SECURITIES AND EXCHANGE COMMISSION

WASHINGTON, D.C. 20549

 

 

FORM 8-K

 

 

CURRENT REPORT

Pursuant to Section 13 or 15(d)

of the Securities Exchange Act Of 1934

Date of Report (Date of earliest event reported): May 1, 2015 (April 28, 2015)

 

 

Comstock Holding Companies, Inc.

(Exact Name of Registrant as Specified in its Charter)

 

 

 

Delaware   1-32375   20-1164345

(State or Other Jurisdiction

of Incorporation)

 

(Commission

File Number)

 

(IRS Employer

Identification No.)

1886 METRO CENTER DRIVE, FOURTH FLOOR

RESTON, VIRGINIA 20190

(Address of principal executive offices) (Zip Code)

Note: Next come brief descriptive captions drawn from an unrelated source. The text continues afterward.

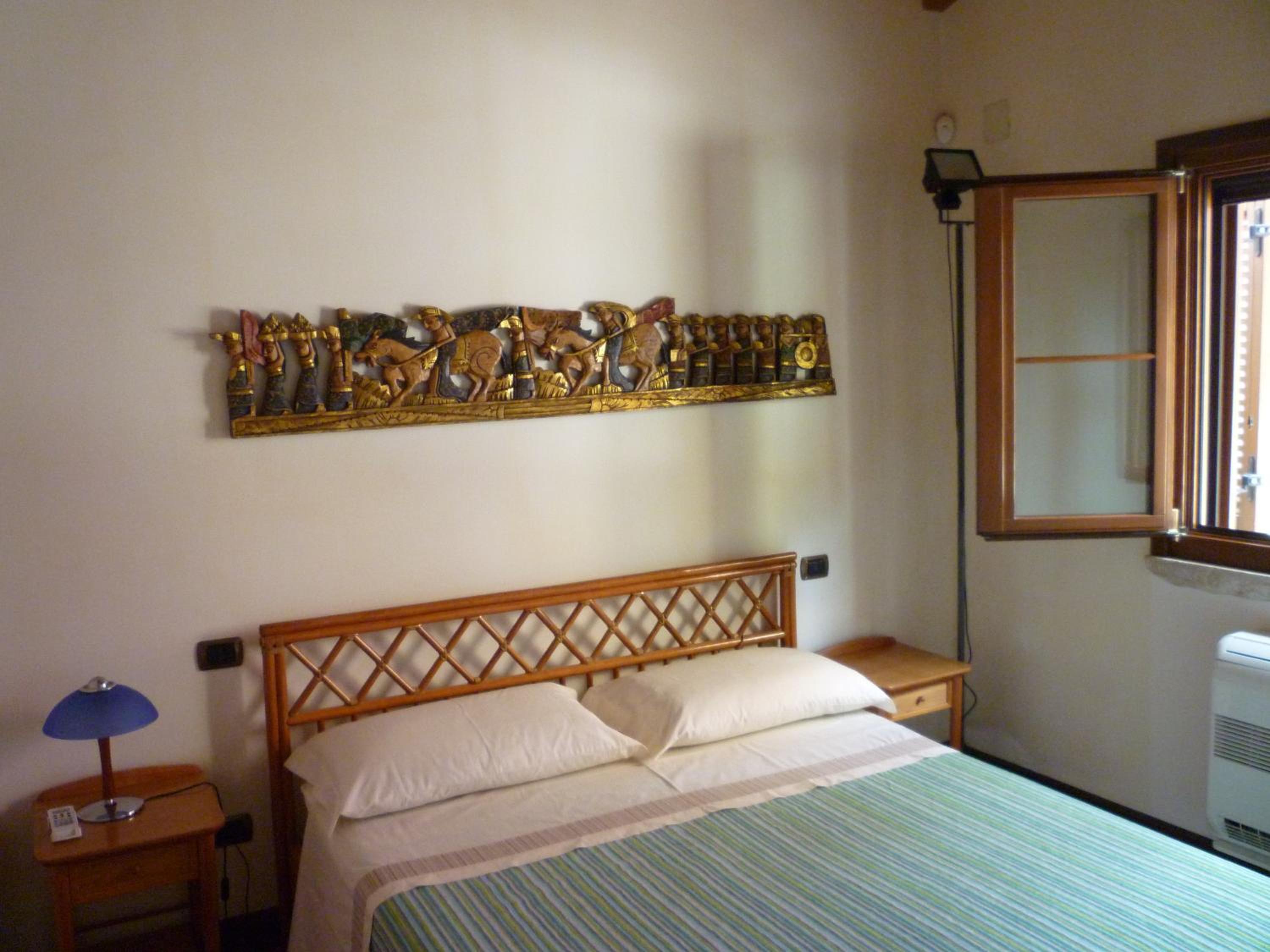 One-Bedroom Apartment - Annex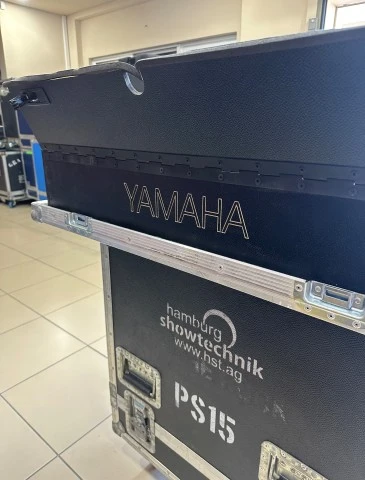 Yamaha LS9 32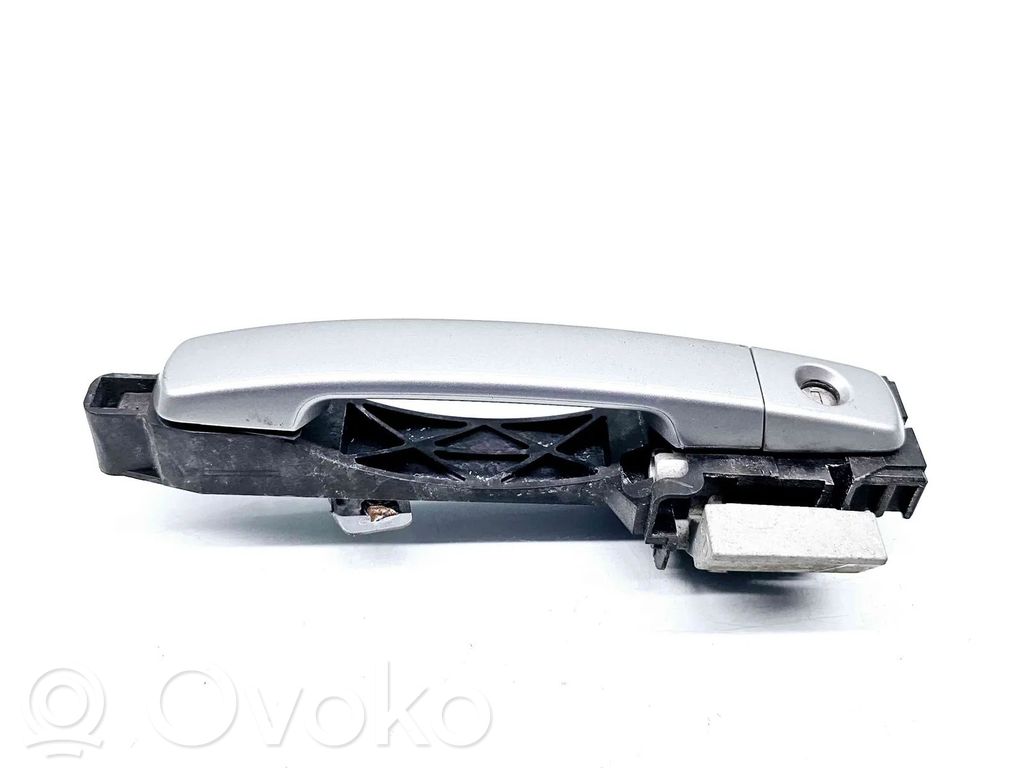 Nissan Qashqai Front door exterior handle 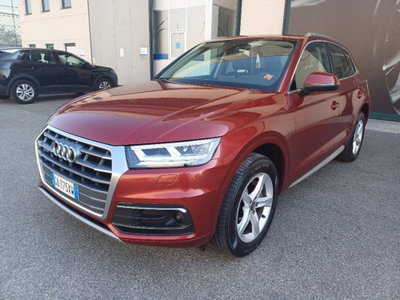 Audi Q5 40 TDI quattro S tronic Business Sport (2)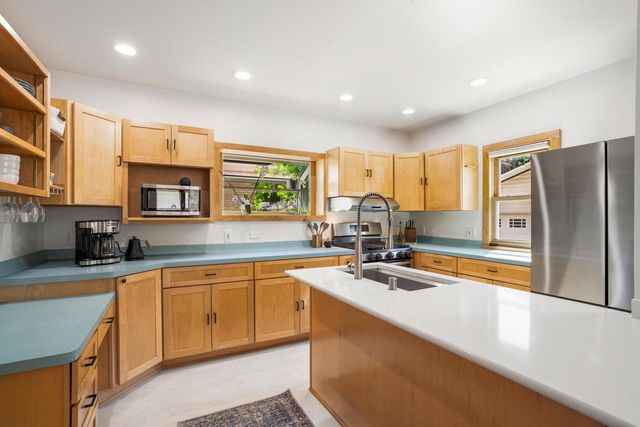 4325 N Morris BOULEVARD, Shorewood, WI 53211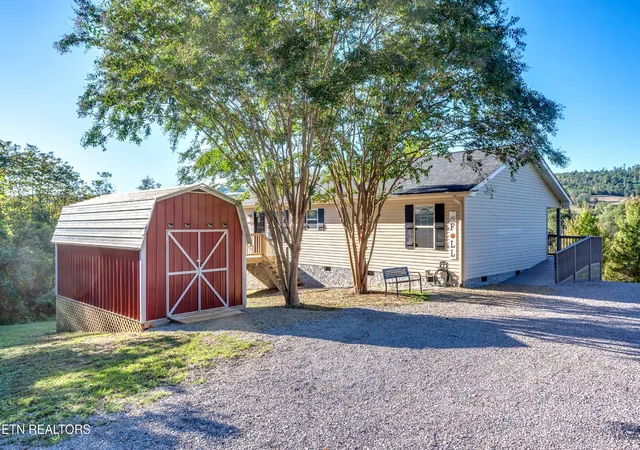 Photo 2 of Single family home for sale at 293 Lillian Ln, Maynardville, TN 37807 | MLS# 3602875 | Listing updated on 2026-09-29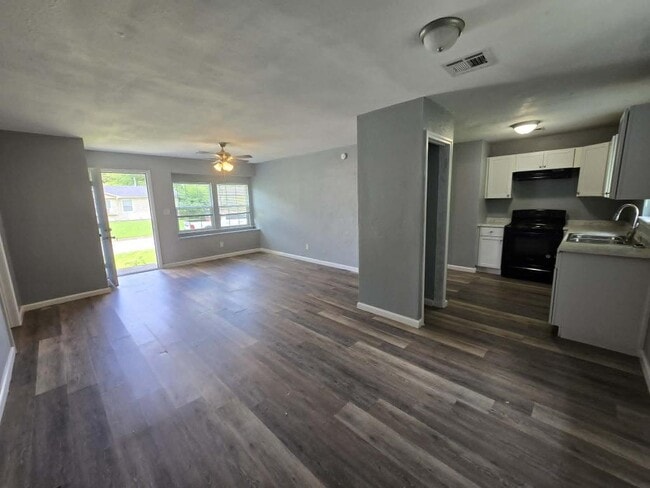 Photo - 542 E 57th Pl N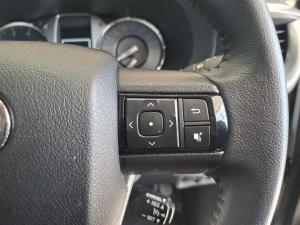 Toyota Hilux 2.8GD-6 double cab Raider auto - Image 10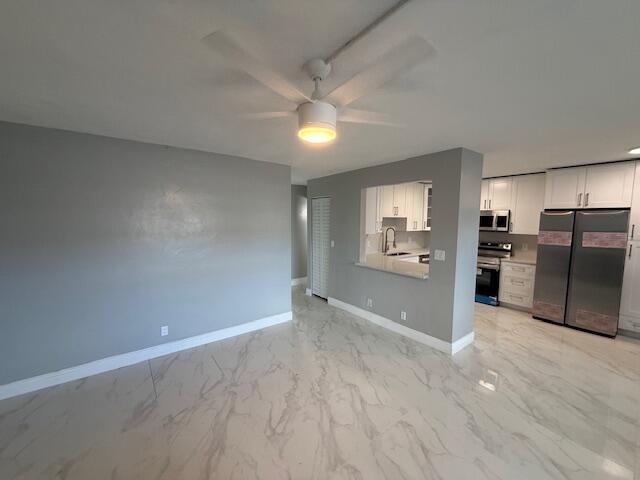 LAKE VIEW CONDO APTS - Residential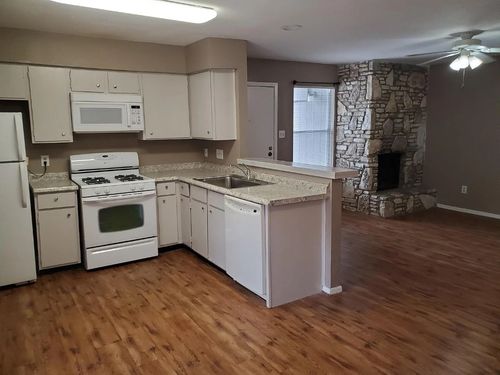 apt-b-801 Bracewood Cir, San Marcos, TX, 78666-4000 | Card Image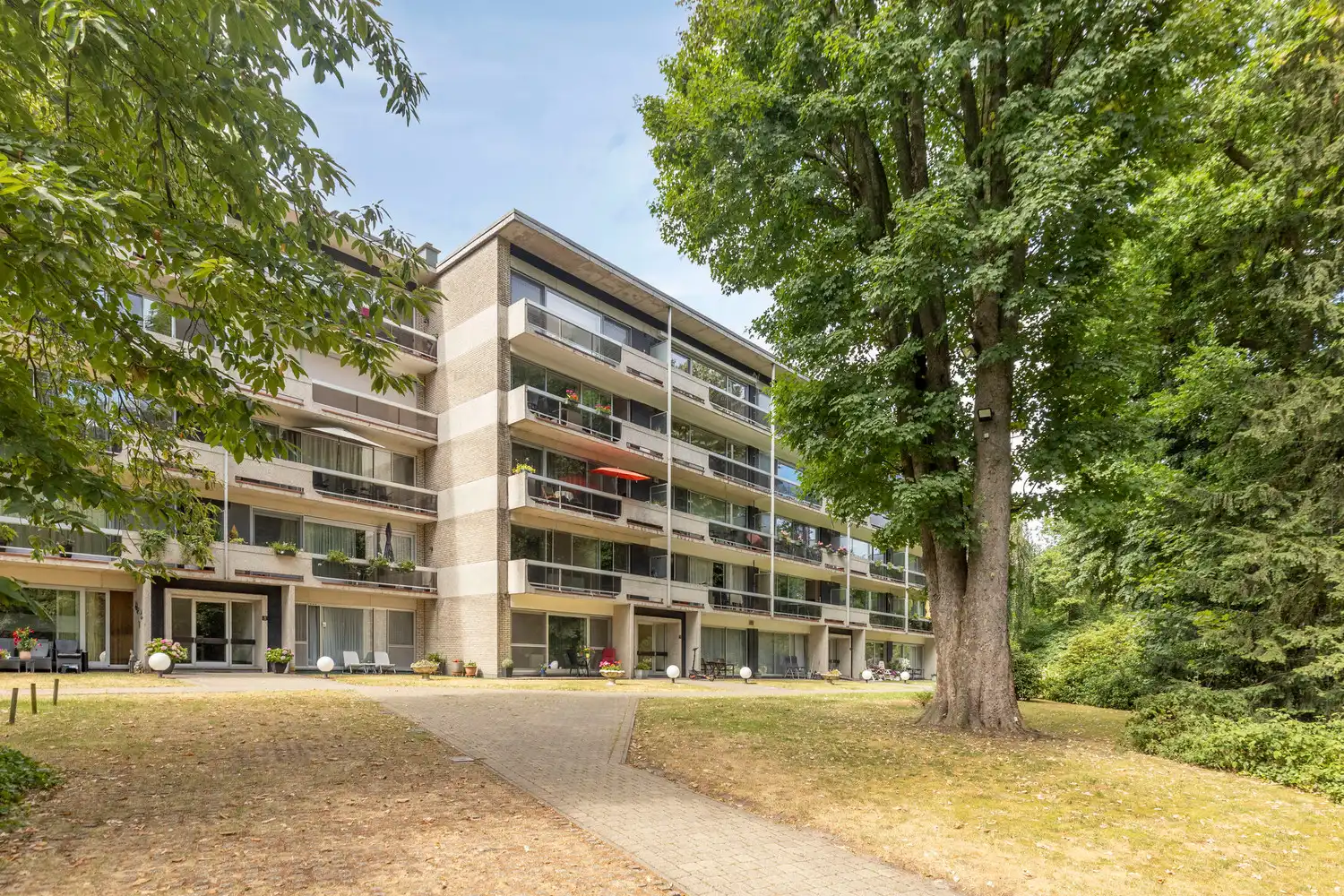 Te renoveren appartement (100m²) op 1ste verdieping met een uitstekende ligging aan de Hoogboomsteenweg in Kapellen! foto 20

Registrant’s Telephone Number, Including Area Code: (703) 883-1700

 

(Former Name or Former Address, if Changed Since Last Report)

 

 

Check the appropriate box below if the Form 8-K filing is intended to simultaneously satisfy the filing obligation of the registrant under any of the following provisions (See General Instruction A.2. below):

 

¨ Written communications pursuant to Rule 425 under the Securities Act (17 CFR 230.425)

 

¨ Soliciting material pursuant to Rule 14a- 12 under the Exchange Act (17 CFR 240.14a-12)

 

¨ Pre-commencement communications pursuant to Rule 14d-2(b) under the Exchange Act (17 CFR 240.14d-2(b))

 

¨ Pre-commencement communications pursuant to Rule 13e-4(c) under the Exchange Act (17 CFR 240.13e-4(c))

 

 

 


Item 3.01 Notice of Delisting or Failure to Satisfy a Continued Listing Rule or Standard; Transfer of Listing.

On April 28, 2015, Comstock Holding Companies, Inc. (the “Company”) received a deficiency letter (the “Notice Letter”) from The Nasdaq Stock Market LLC (“Nasdaq”) advising the Company that it did not meet the minimum of $2,500,000 in stockholders’ equity required for continued listing on the Nasdaq Capital Market under Listing Rule 5550(b)(1), which is one of the alternative tests for continued listing on The Nasdaq Capital Market. In the Company’s Form 10-K for the period ended December 31, 2014, the Company reported stockholders’ equity of $1,855,000. In addition, the Notice Letter indicates that as of April 27, 2015, the Company did not meet the other alternative tests of market value of listed securities or net income from continuing operations under Listing Rule 5550(b) and therefore, no longer complies with the continued listing rule. The Notice Letter has no immediate effect on the listing of the Company’s shares of Class A common stock on Nasdaq.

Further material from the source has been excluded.